Photo caption: Collecting sediment cores from the Airnanang mangrove swamp, Seram Island, Indonesia. (l-r) Lauryl Zenobi, Emily Peterson, Michael Lahallo, Joss Whittaker, Simon Latupapua

 

Michael Pérez: Jordan

Professor Michael Pérez runs a popular two-month summer study abroad program in Amman, Jordan. This program provides students with an immersive experience in which they can reflect on key themes of contemporary modernity—neoliberalism, religion, politics—and examine their own ideas about the region in the process. The Middle East is a particularly important region today for North Americans. It is an area where the US military is deeply involved and one that regularly appears in the media and in popular culture. The constant exposure to the region in our political cultural landscape has not, however, translated into nuanced understandings of the peoples, places, and histories that make up the Middle East.

 

Photo of Amman, Jordan

The study abroad program involves a 12-credit seminar on the Anthropology of the Middle East; a course in colloquial Arabic; excursions to historic sites such as Petra and Wadi Rum; and visits to cultural centers and institutions focused on contemporary issues in the country, including the United Nations Relief and Works Agency refugee camps in Amman. Pérez conducted his field work at these camps, and uses his research in teaching students about the Palestinian population of Jordan who, although refugees, comprise about half of the Jordanian population. The program offers students a unique chance for students to learn from an expert in the region, through an immersive and academic experience.
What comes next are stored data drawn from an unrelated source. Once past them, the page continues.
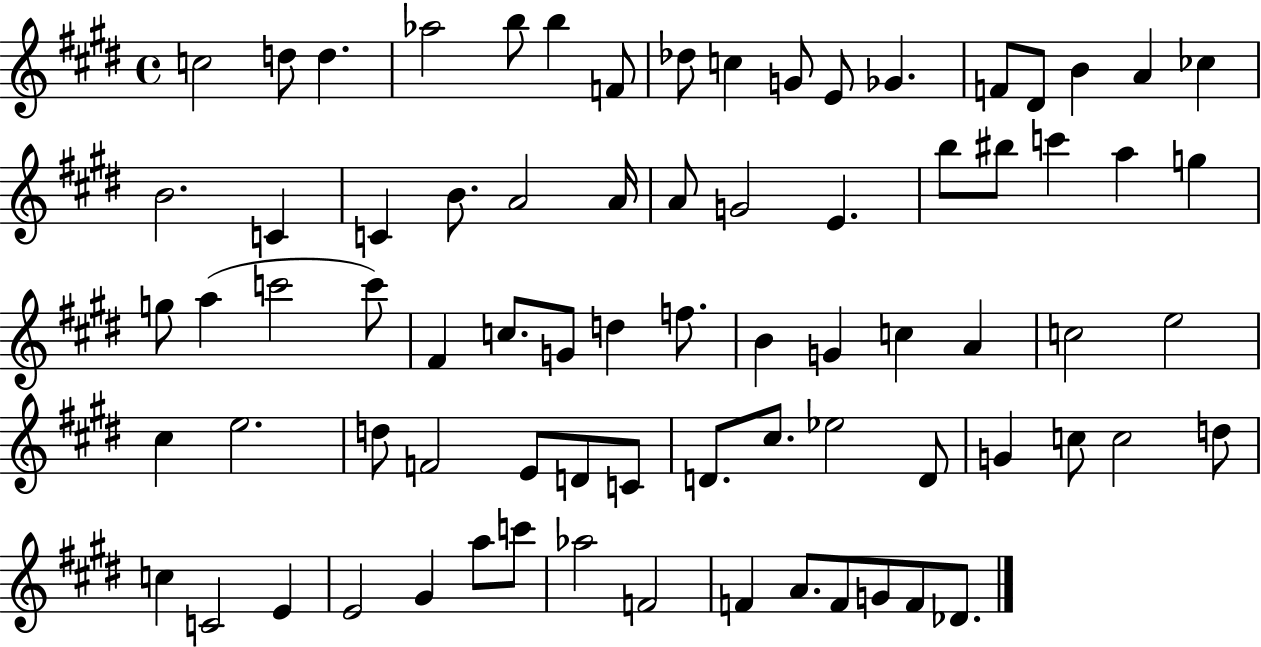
{
  \clef treble
  \time 4/4
  \defaultTimeSignature
  \key e \major
  \repeat volta 2 { c''2 d''8 d''4. | aes''2 b''8 b''4 f'8 | des''8 c''4 g'8 e'8 ges'4. | f'8 dis'8 b'4 a'4 ces''4 | \break b'2. c'4 | c'4 b'8. a'2 a'16 | a'8 g'2 e'4. | b''8 bis''8 c'''4 a''4 g''4 | \break g''8 a''4( c'''2 c'''8) | fis'4 c''8. g'8 d''4 f''8. | b'4 g'4 c''4 a'4 | c''2 e''2 | \break cis''4 e''2. | d''8 f'2 e'8 d'8 c'8 | d'8. cis''8. ees''2 d'8 | g'4 c''8 c''2 d''8 | \break c''4 c'2 e'4 | e'2 gis'4 a''8 c'''8 | aes''2 f'2 | f'4 a'8. f'8 g'8 f'8 des'8. | \break } \bar "|."
}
Michael Peréz and students, Anthropology of the Middle East Field School in Amman, Jordan
 

 

Holly Barker: French Polynesia

For the past three summers, Holly Barker has led a study abroad to French Polynesia. The inspiration for the trip came from a Polynesian football player at the UW who lamented his inability to participate in the same kinds of transformational educational opportunities as other students because of his athletic commitments. By including Seattle-based service learning as part of the study abroad credit, and coordinating schedules for student-athletes with colleagues at Student-Athlete Academic Services (SAAS) at the UW, Holly and the SAAS academic counselors who join the trip (Ink Aleaga and Liberty Bracken) found a window of summer travel that would not impede athletic schedules. By partnering with SAAS and talking with students and coaches about their needs, more students at UW have an opportunity to participate in study abroad, and to gain a firsthand understanding of indigenous research methods in Oceania.
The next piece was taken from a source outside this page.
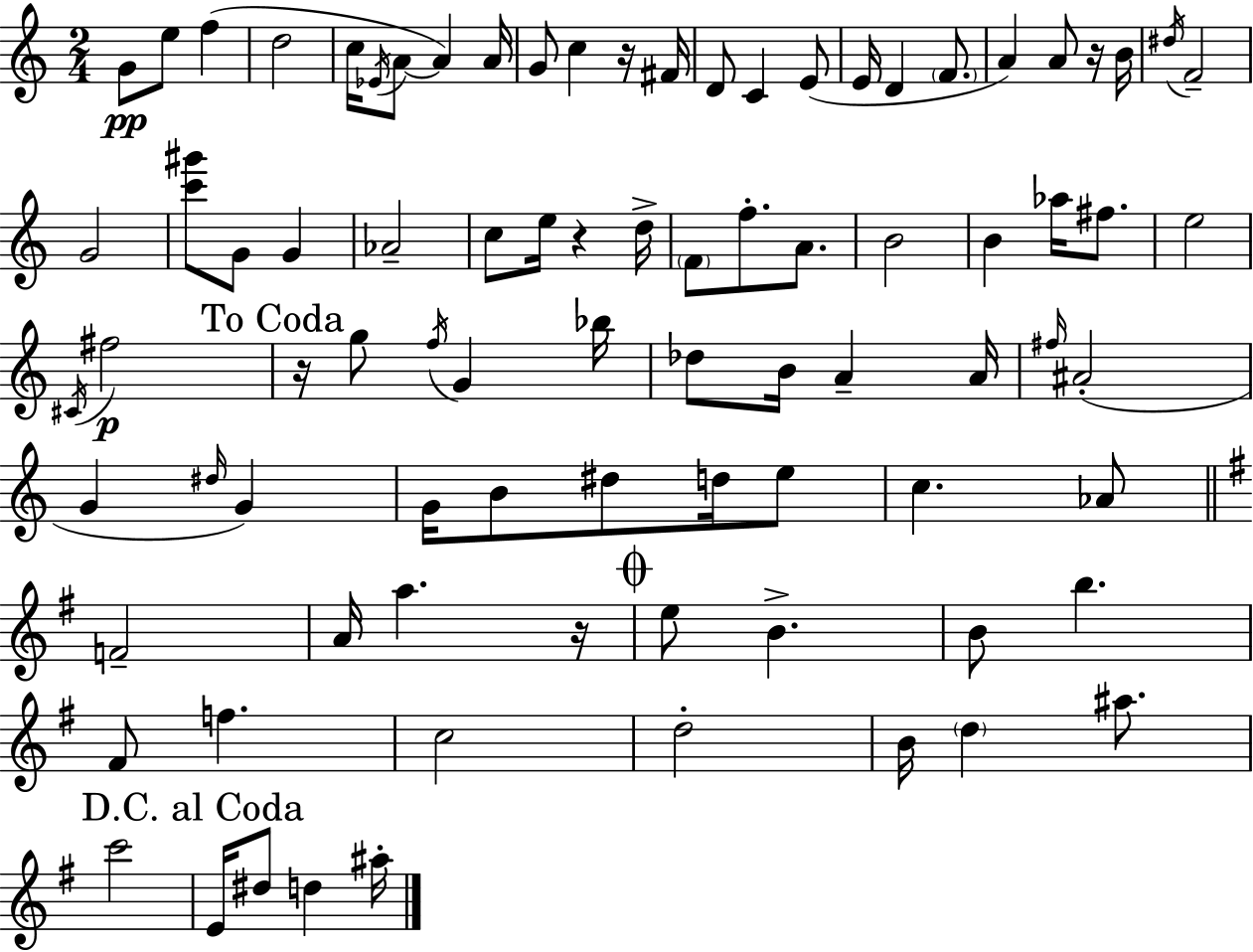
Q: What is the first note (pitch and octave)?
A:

Holly Barker with students in French Polynesia

Photo Caption: Holly Barker with students in French Polynesia

 

Sara Gonzalez: Grand Ronde Reservation

Assistant Professor Sara Gonzalez, received a UW Royalty Research Fund grant to support her community-based research partnership with the Confederated Tribes of Grand Ronde Community of Oregon’s Tribal Historic Preservation Office (THPO). In their first season, they created Field Methods in Indigenous Archaeology to build the capacity of the THPO to manage and record historic properties on the Grand Ronde reservation in northwestern Oregon. They brought UW undergraduates and Grand Ronde tribal members to train them in the methods of tribal historic preservation, archaeology, and community-based research. They are starting their second season and are now accepting applications for the 2016 field school, which can be accessed at: http://goo.gl/forms/WBrWnnHjWx.

Sara Gonzales with UW undergraduates and Tribal members from Grand Ronde

Photo Caption: Sara Gonzales with UW undergraduates and Tribal members from Grand Ronde

 

Ann Anagnost: Italy

Last November, seventeen UW students accompanied Anthropology Professor Ann Anagnost to Italy for a study abroad program focused on food politics and culture. The program started in Milan where the students lived on an ethical farm on the outskirts of the city while attending events organized by the Slow Food Youth Movement and touring the Milan Expo, which focused on the theme “We Feed the World.” After a week in Milan, the program continued at the University of Washington’s Rome Center in the historic heart of the city. One of the highlights of the quarter was an unexpected opportunity to work as volunteer cooks for Baobab, a self-organized refugee settlement located near Tiburtina Station northeast of the city center. Baobab is run by an informal network of volunteers from Rome to provide refugee needs unmet by government efforts. The students cooked Ethiopian lasagne, minestrone,and pasta puttanesca (pasta with tuna and olives) for a group including many small children mostly from the Horn of Africa who had just arrived by boat over stormy seas. They arrived exhausted and hungry having had only ten days’ worth of food on a fourteen-day voyage.

Welcome sign at Baobab refugee center. Photo credit: Robert Smith

Photo Caption: Welcome sign at Baobab refugee center. Photo credit: Robert Smith

The experience brought home for everyone the dire situation of the refugees flowing into Europe from conflict and climate change. The study abroad program in Rome has been offered every Autumn Quarter since 2011 and planning is underway for 2016.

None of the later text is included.